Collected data
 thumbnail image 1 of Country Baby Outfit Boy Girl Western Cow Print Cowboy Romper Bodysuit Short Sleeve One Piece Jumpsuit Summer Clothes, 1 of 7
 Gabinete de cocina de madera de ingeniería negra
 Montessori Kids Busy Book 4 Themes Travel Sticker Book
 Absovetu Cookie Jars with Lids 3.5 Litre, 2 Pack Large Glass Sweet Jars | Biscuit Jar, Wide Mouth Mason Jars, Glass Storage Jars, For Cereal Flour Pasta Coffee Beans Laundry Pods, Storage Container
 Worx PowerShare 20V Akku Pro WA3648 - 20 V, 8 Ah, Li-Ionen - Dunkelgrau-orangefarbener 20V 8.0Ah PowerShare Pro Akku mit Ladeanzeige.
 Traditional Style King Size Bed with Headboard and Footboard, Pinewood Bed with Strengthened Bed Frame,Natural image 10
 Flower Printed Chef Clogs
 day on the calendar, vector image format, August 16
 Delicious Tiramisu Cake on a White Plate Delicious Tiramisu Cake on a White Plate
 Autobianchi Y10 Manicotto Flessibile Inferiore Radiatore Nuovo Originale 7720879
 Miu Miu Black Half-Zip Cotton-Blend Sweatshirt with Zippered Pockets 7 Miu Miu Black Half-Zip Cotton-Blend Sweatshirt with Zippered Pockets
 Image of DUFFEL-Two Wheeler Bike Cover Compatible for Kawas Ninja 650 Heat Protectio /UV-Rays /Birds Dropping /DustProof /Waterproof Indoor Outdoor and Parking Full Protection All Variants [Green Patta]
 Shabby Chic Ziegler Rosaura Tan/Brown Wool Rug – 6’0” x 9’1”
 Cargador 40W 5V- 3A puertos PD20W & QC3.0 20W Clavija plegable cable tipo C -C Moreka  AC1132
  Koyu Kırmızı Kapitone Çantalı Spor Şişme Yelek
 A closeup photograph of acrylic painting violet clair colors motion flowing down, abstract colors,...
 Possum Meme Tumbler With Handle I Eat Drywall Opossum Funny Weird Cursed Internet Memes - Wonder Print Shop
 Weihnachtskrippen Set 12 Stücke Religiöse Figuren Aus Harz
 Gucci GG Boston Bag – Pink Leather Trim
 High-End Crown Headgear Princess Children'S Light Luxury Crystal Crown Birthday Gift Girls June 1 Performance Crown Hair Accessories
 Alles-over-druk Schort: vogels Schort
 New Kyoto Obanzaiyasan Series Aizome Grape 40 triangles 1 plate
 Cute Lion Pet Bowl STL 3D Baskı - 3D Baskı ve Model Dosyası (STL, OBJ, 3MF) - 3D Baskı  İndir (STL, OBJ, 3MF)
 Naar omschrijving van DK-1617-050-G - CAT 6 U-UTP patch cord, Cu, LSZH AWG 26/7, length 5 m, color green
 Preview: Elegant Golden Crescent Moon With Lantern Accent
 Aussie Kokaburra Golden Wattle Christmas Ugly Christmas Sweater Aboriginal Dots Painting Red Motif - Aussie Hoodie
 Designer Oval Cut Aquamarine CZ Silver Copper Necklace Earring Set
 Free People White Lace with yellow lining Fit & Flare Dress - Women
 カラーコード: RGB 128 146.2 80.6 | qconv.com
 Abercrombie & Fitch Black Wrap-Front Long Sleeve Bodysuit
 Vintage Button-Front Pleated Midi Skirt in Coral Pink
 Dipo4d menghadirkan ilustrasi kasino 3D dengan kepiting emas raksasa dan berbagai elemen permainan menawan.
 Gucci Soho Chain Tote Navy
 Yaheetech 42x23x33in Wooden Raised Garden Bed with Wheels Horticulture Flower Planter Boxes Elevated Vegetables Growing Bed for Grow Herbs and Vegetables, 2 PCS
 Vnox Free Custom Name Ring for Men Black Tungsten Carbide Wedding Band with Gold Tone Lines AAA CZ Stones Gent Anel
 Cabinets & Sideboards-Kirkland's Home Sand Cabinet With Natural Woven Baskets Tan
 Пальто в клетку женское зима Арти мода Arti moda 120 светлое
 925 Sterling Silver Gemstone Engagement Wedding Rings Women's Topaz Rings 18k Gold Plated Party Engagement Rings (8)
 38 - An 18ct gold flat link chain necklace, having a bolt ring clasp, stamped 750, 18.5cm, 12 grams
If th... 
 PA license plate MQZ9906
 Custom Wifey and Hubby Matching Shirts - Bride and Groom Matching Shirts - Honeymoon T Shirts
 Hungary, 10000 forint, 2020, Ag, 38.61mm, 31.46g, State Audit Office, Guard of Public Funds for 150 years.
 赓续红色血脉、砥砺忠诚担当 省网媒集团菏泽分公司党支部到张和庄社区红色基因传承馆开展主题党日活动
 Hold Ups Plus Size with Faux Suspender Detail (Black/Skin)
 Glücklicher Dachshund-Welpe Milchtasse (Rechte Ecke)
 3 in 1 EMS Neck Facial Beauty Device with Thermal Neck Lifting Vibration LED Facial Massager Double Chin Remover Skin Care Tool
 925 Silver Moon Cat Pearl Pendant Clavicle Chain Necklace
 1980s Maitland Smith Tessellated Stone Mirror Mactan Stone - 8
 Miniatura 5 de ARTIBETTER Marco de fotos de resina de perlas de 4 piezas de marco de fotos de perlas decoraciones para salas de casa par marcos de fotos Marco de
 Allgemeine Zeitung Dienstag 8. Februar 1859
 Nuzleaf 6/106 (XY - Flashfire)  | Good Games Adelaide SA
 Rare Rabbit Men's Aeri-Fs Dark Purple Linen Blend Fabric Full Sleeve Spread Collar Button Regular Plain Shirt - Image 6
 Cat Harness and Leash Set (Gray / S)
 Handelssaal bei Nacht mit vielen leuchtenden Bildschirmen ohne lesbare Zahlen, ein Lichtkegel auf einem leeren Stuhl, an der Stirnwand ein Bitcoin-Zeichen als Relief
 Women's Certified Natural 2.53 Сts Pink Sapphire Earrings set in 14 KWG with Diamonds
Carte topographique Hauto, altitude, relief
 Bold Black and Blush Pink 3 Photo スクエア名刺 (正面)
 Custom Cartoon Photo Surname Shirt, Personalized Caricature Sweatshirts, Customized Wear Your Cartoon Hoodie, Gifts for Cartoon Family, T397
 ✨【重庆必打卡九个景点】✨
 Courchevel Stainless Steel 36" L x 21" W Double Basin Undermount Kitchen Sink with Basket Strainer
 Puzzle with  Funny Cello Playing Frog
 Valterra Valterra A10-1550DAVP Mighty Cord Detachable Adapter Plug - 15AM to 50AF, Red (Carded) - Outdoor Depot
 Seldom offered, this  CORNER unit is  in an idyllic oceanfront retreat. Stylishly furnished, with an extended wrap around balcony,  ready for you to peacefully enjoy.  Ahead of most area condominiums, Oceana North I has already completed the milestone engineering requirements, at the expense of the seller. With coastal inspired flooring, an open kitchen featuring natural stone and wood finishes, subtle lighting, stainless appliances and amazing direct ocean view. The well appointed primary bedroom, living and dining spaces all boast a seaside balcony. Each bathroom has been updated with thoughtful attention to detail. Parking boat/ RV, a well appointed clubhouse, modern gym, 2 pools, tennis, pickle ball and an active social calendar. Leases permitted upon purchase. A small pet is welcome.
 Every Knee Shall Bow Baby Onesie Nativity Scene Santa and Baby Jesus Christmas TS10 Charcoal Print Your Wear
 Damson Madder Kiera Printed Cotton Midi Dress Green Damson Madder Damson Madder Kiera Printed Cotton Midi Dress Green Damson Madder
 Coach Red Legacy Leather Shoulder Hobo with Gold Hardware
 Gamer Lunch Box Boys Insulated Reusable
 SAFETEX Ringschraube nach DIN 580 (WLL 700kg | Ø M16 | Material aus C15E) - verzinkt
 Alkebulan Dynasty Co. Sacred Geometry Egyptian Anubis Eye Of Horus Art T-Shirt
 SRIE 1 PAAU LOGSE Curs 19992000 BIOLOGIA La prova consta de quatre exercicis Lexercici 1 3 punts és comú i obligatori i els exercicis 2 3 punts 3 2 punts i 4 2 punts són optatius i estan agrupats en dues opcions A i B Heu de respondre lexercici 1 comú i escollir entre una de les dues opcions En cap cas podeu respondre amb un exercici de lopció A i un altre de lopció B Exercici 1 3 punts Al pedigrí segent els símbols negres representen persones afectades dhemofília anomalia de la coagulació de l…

> _DESCRIPTION OF THE TASK_
Using the data above, reproduce exactly the lines from the line that contains "38 - An 18ct" through the line that contains "Hold Ups Plus", including both.

> _TASK OUTPUT_
 38 - An 18ct gold flat link chain necklace, having a bolt ring clasp, stamped 750, 18.5cm, 12 grams
If th... 
 PA license plate MQZ9906
 Custom Wifey and Hubby Matching Shirts - Bride and Groom Matching Shirts - Honeymoon T Shirts
 Hungary, 10000 forint, 2020, Ag, 38.61mm, 31.46g, State Audit Office, Guard of Public Funds for 150 years.
 赓续红色血脉、砥砺忠诚担当 省网媒集团菏泽分公司党支部到张和庄社区红色基因传承馆开展主题党日活动
 Hold Ups Plus Size with Faux Suspender Detail (Black/Skin)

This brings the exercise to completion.